I soggetti testati da Hayes e Pickering sono stati divisi fra esperti e non esperti. I risultati delle osservazioni mostrano come gli esperti siano più sensibili all’amaro, in media, dei non esperti. Dunque secondo gli autori esisterebbe una differenza a livello fisiologico fra gli esperti di vino e i non esperti.
Gli scienziati che studiano il senso del gusto dividono la popolazione in tre categorie, a seconda della sensibilità all’amaro. Ci sono i nontaster che non percepiscono quasi per nulla l’amaro, i taster che lo percepiscono nella media e i supertaster che invece sono molto sensibili a questo gusto. La capacità di percepire l’amaro, secondo le ipotesi evoluzioniste, è emersa con la funzione di indivuduare velocemente sostanze potenzialmente tossiche (i veleni spesso hanno un gusto amaro) nei cibi, allo scopo di evitarli. Ma l’avversione all’amaro può avere anche una contropartita negativa, perché secondo molti studi i supertaster tendono a evitare certi vegetali (i cavoli e i broccoli per esempio) e ad avere in generale una dieta più grassa e meno sana dei taster, con maggiori complicazioni per la salute, e questo spiegherebbe la sopravvivenza nella popolazione dei geni che mediano il carattere notaster. La sensibilità all’amaro dipende infatti dalla densita di recettori per questo gusto sulla lingua, carattere determinato da geni specifici.

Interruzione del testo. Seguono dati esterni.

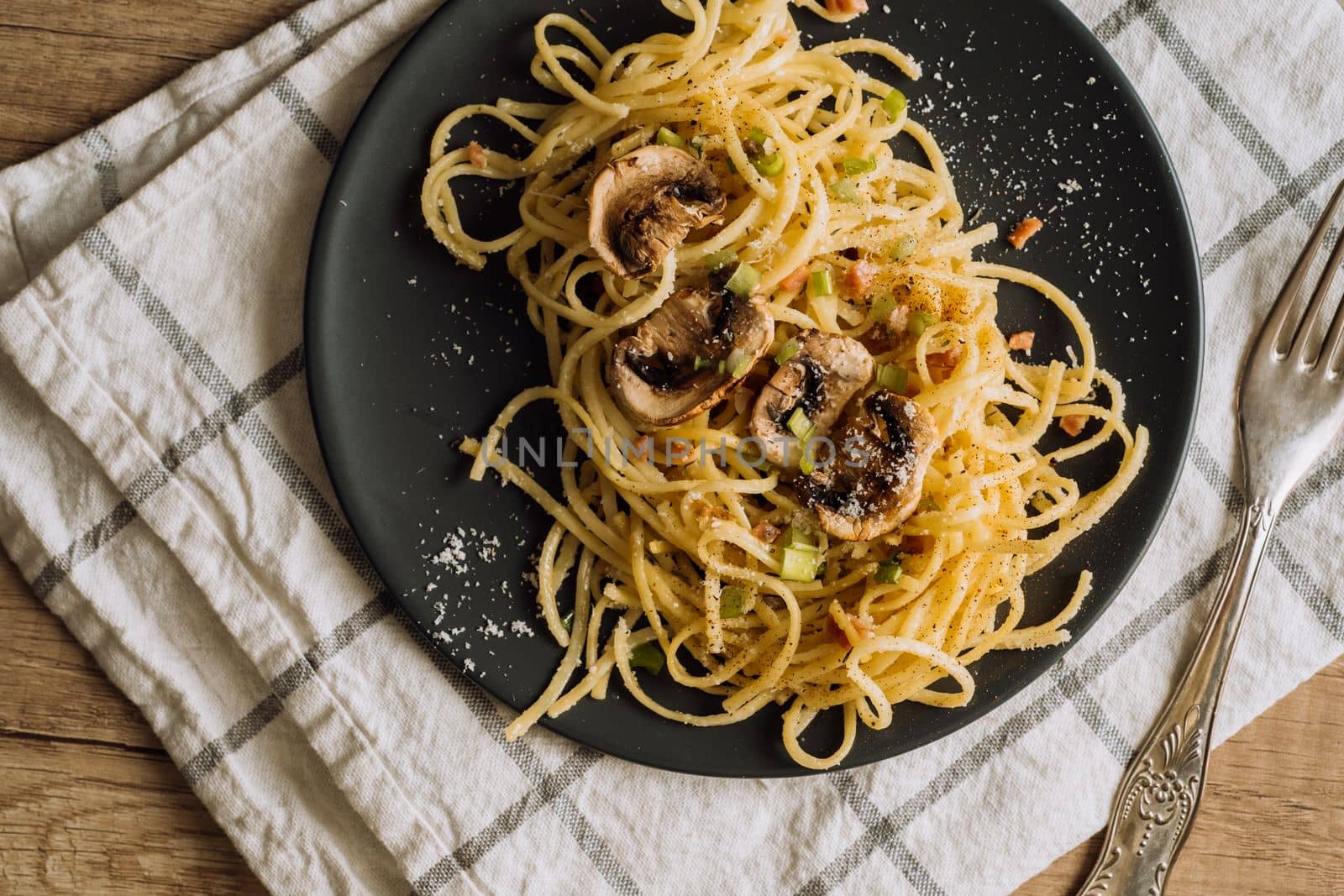Spaghetti pasta with champignon mushrooms sprinkled with cheese parmesan and green onions on a black plate with a towel and a fork on a wooden table by Romvy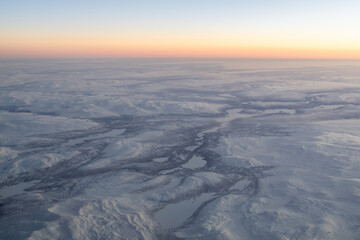 Aerial view snowy arctic landscape at sunrise © Michael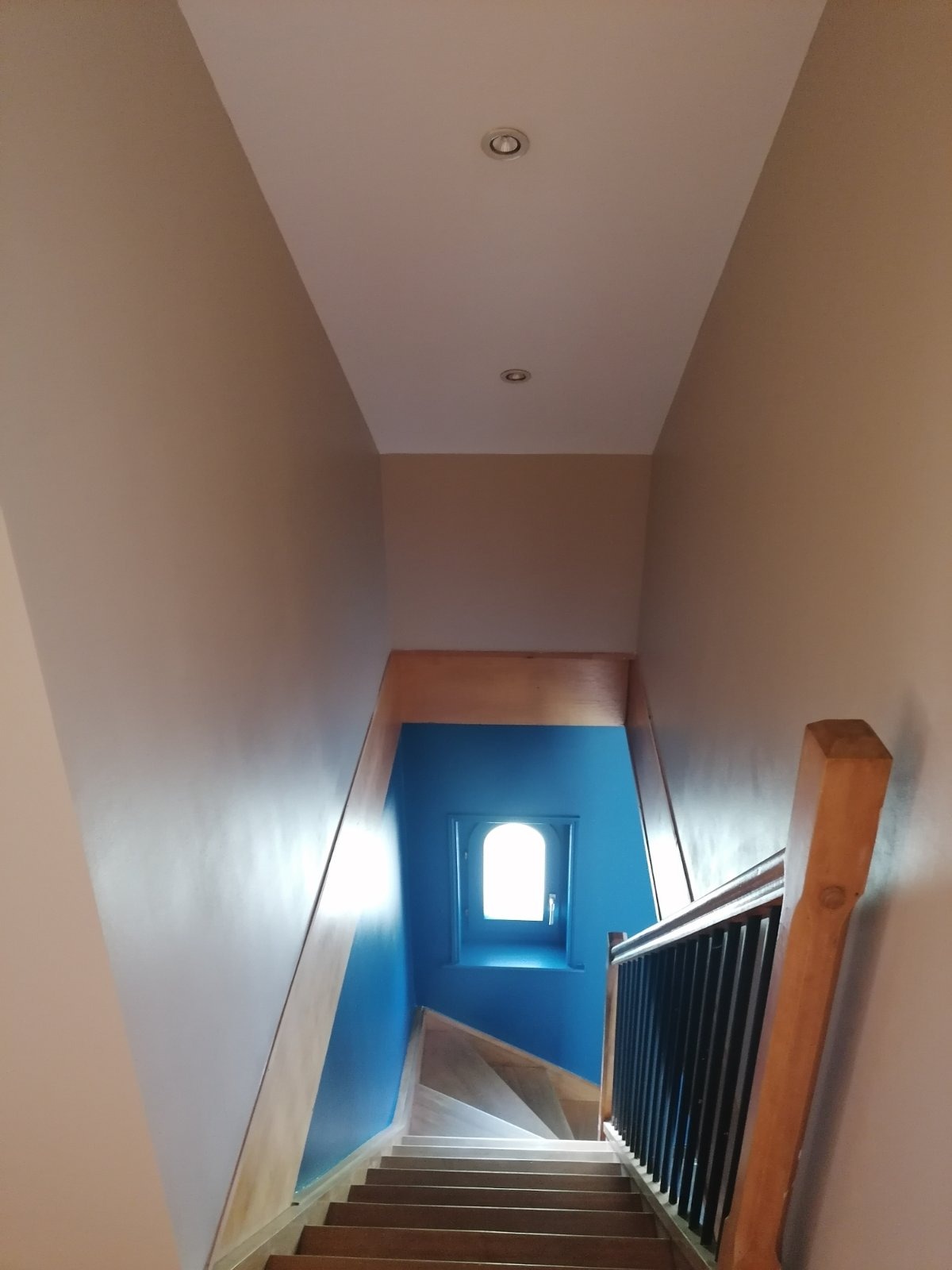 Klatka schodowa po malowaniu z błękitną ścianą z oknem i drewnianymi schodami, widok z góry.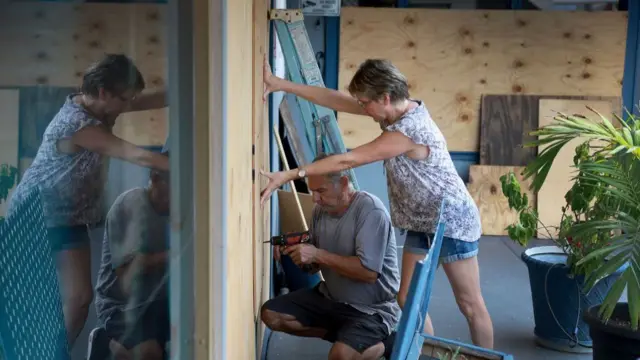 Frederic and Mary Herodet board up their restaurant on St Petersburg Beach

Ma perché gli esperti di vino sarebbero tendenzialmente dei supertaster, visto che si tratta appunto di una capacità predeterminata geneticamente e non di un carattere acquisistio attraverso l’apprendimento? Secondo gli autori si tratterebbe di una sorta di “affinità elettiva”: sarebbero proprio le persone dotate di particolari capacità gustative quelle che più facilmente tenderebbero ad avvicinarsi al mondo della degustazione del vino.